WRZK
- Colonial Heights, Tennessee; United States;
- Broadcast area: Tri-Cities (Tennessee - Virginia)
- Frequency: 95.9 MHz
- Branding: 95.9 The Hog

Programming
- Format: Active rock
- Affiliations: Compass Media Networks

Ownership
- Owner: Glenwood Communications Corporation; (Holston Valley Broadcasting Corporation);
- Sister stations: WKPT, WKTP, WOPI, WTFM, WVEK-FM

History
- First air date: April 4, 1997
- Former call signs: WLJQ (1993–1997, CP)

Technical information
- Licensing authority: FCC
- Facility ID: 47076
- Class: C2
- ERP: 7,400 watts
- HAAT: 382 meters (1,253 ft)
- Transmitter coordinates: 36°31′36″N 82°35′13″W﻿ / ﻿36.52667°N 82.58694°W

Links
- Public license information: Public file; LMS;
- Webcast: Listen live
- Website: wrzk.com

= WRZK =

WRZK (95.9 FM, "95.9 The Hog") is a commercial radio station licensed to Colonial Heights, Tennessee, United States, and serving the Tri-Cities of Tennessee and Virginia. Owned by Glenwood Communications Corporation, through subsidiary Holston Valley Broadcasting Corporation, WRZK features an active rock format.
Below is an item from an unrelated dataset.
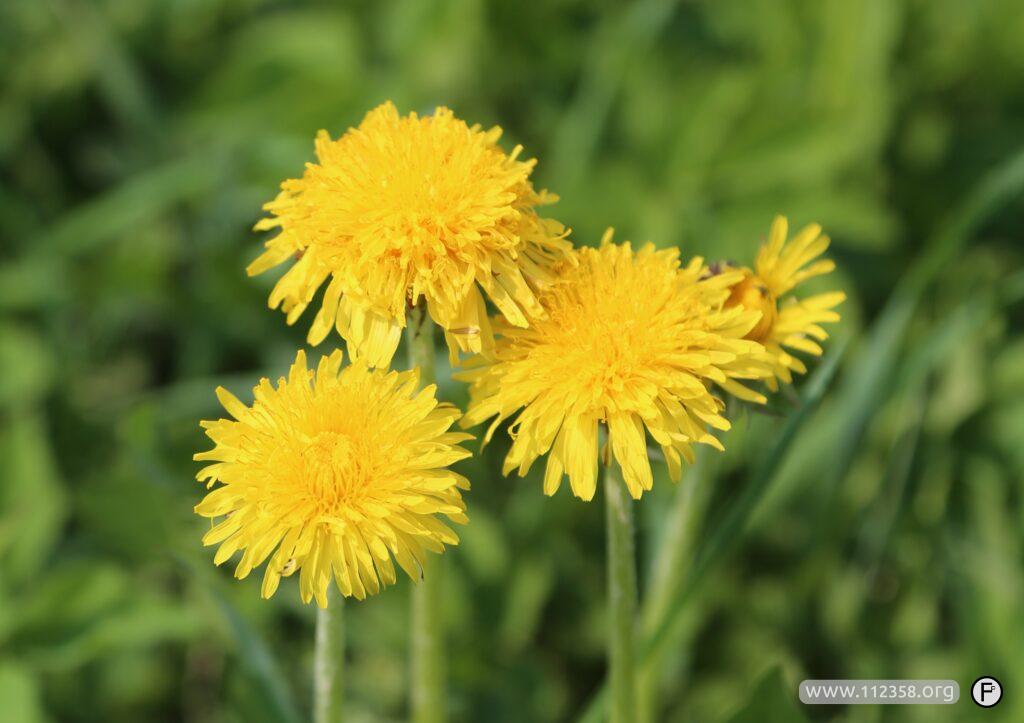 wino_z_kwiatow_mlecza_1_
The station's studios and transmitter are both located in Kingsport.

==History==
The station signed on the air on April 4, 1997. While it was still a construction permit, the unbuilt station used the call sign WLJQ but just before it debuted, it switched its call letters. The Federal Communications Commission gave it the WRZK call sign on March 21, 1997.

Former logo

WRZK has always had a rock format. It was originally owned by Murray Communications with Dave Murray as the general manager.